Please reproduce the entries below exactly, omitting any images they contain.
--- Entries supplied Enclosed Below ---
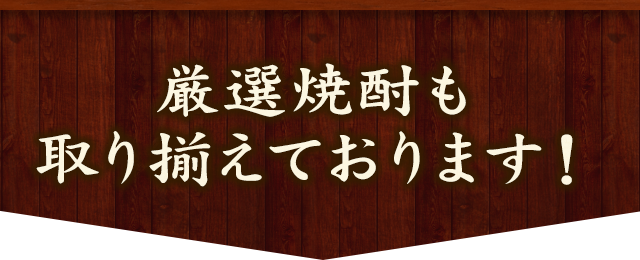 厳選焼酎も取り揃えております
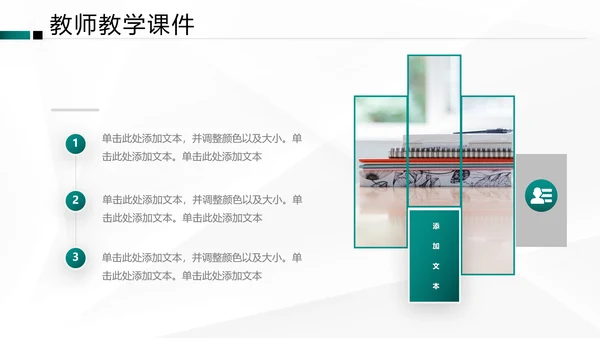 欧美风格教育公开课教学设计教师说课PPT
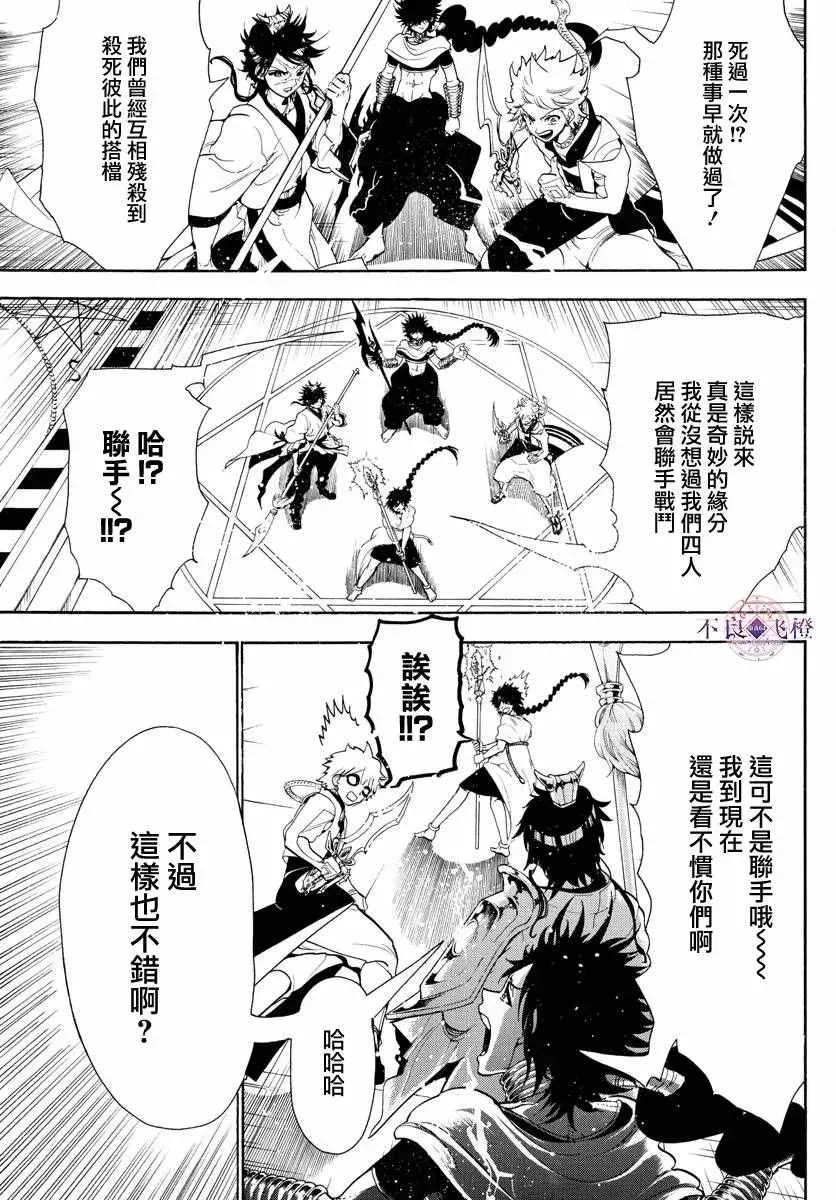 魔笛MAGI 第334话 第12页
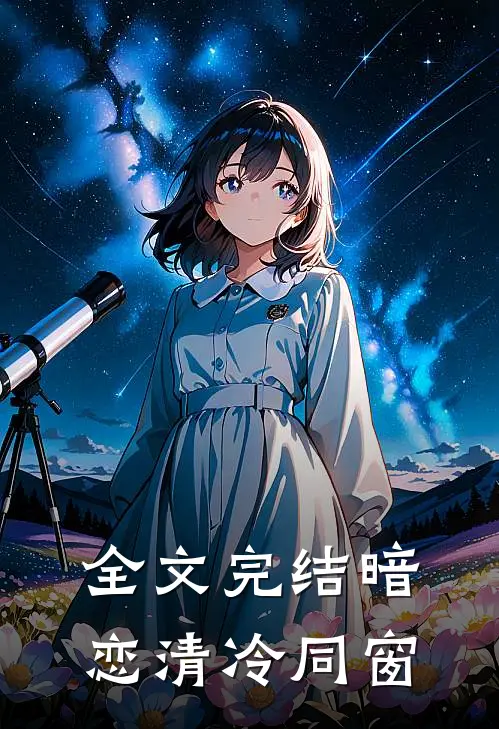 全文完结暗恋清冷同窗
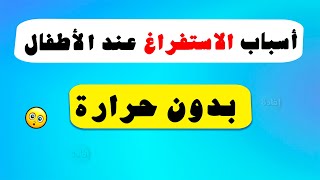 أسباب الاستفراغ عند الأطفال بدون حرارة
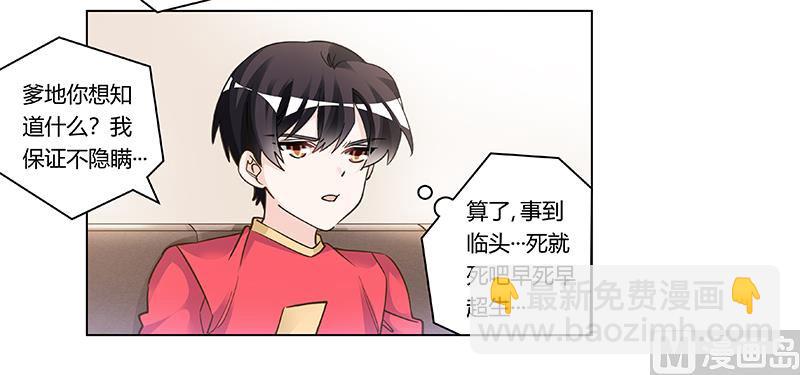 第196话 家庭审问-第196话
--- End of Enclosed Entries supplied ---
[Reply]
 厳選焼酎も取り揃えております
 欧美风格教育公开课教学设计教师说课PPT
 魔笛MAGI 第334话 第12页
 全文完结暗恋清冷同窗
 أسباب الاستفراغ عند الأطفال بدون حرارة
 第196话 家庭审问-第196话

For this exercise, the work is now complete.